Pendant le peu de temps qui m’est imparti, je vais tenter de vous soumettre quelques-unes de mes idées, des remarques et même une mise en garde ; j’ai longuement travaillé sur le thème spécifique qui me vaut l’honneur d’être invité ici à m’exprimer devant vous : je veux parler du rôle du progrès technique. Je me permettrai aussi d’examiner les circonstances particulières dans lesquelles l’Europe se trouve, et je parlerai de l’état de son économie et de sa société. J’envisagerai ensuite la réponse que peut donner l’Europe au défi technologique.
Naturellement, le concept de technologie est en lui-même très complexe, mais je chercherai à utiliser une définition très simple.
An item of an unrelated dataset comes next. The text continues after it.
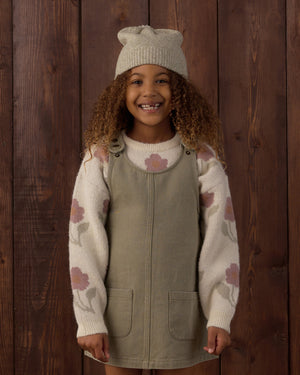 A smiling child with curly hair stands in front of a wooden wall, wearing a knit hat, a cream sweater with pink flowers, and the Rylee & Cru Girls’ Odette Overall Dress in khaki denim with front pockets.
D’autres, s’ils le désirent, pourront adopter des concepts plus élaborés. Tout type d’activités ou de services, à une époque déterminée, utilise une technologie particulière. Ce qui suit en est un bon exemple : si vous voulez pétrir et cuire le pain, vous pouvez lire un livre de cuisine pour voir comment procéder ; il vous indique quels sont les ingrédients, combien de temps et quel travail cela nécessite. Il vous indique aussi, bien sûr, le capital dont vous avez besoin, à savoir le four. Cependant d’autres choses sont encore nécessaires. Par exemple, si la cuisson produit de la fumée, vous aurez besoin, et surtout à notre époque, d’un ventilateur pour éliminer la pollution due à cette fumée, et ainsi de suite. Je veux dire par là que si un homme d’affaires désire faire du pain ou ouvrir une boulangerie, il doit faire une étude technologique. Le progrès technique n’est, en réalité, rien d’autre qu’un changement de technologie. Un nouveau livre de cuisine paraît, avec de nouvelles recettes. Cela vaut non seulement pour le pain, mais aussi pour l’acier, pour l’automobile, etc.
 
Au cours de l’histoire, le progrès technologique a représenté une force de propulsion importante pour le développement socio-économique. Je pense qu’avec le temps, le progrès socio-économique se fondera de plus en plus sur les changements de technologie. Il est, de plus, particulièrement intéressant de savoir que chaque technologie a besoin de son organisation propre. Un certain type d’organisation économique qui permet le développement total et efficace d’une technologie spécifique n’est peut-être pas adaptable ou alors il ne permet pas une exploitation adéquate d’un autre type de technologie.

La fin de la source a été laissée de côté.